I wanted to pull out something Laura said in a comment here:
Very few bosses in my 20-year career stood their ground to protect journalism. They wanted to protect their reputations and their pets, and the kind of journalism that enhanced their repuations. 2) Yet there were, in fact, Gus Hayneses, and I’ll name one name: Lynda Robinson, my editor for a time at the Sun, who had to flee for her own career, ended up at the Washington Post. She was kind, she was ethical and she had my back. In fact, when a story of mine was almost spiked on the grounds that it was mean-spirited — I wrote a piece about how local soup kitchens don’t need that much help on Thanksgiving or Christmas, but sure would appreciate some volunteers the other 363 days — she marched into the top editor’s office and said, “If this story doesn’t belong in the paper, then I don’t deserve to be an editor here.” Or words to that effect.
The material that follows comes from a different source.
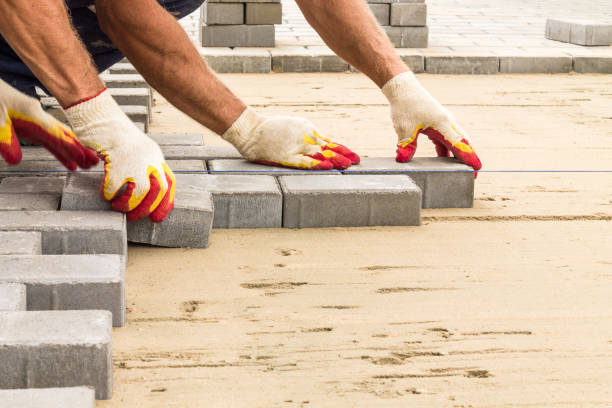 Commercial Driveway Pavers in Bluffdale, UT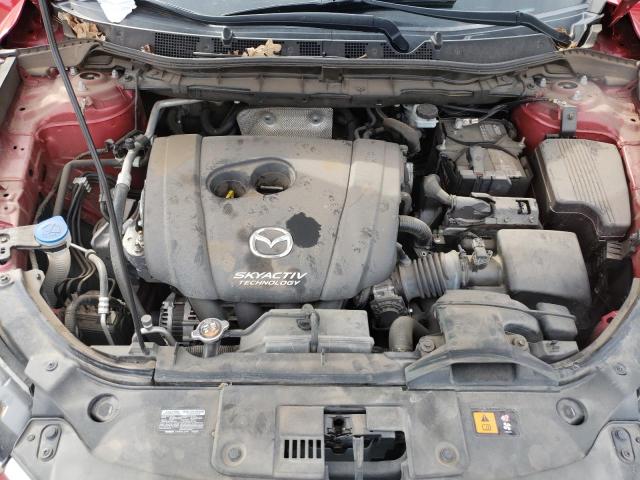 Photo 11 VIN: JM3KE2CY7G0657824 - MAZDA CX-5 TOURI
Because it goes to the heart of what comes across to me when I watch The Wire, and watch recent politics, and watch basically the whole world ever of late, which is that we seem to ask ourselves just how much we can suck and get away with it. We seem to tell ourselves a lot that we’re trapped creatures, that we’re hamstrung by this that or the other circumstance, that things are all beyond our control and so what we need to do is sit down and tell ourselves there was nothing we could do. And it’s not like there are tons of examples of things going the other way. Thieves get rich and saints get shot, to quote Mr. Sondheim. Dean Baquet refused to fire his reporters at the LA Times and just wound up fired himself. He was a hero, and rightly so, but it cost him dearly.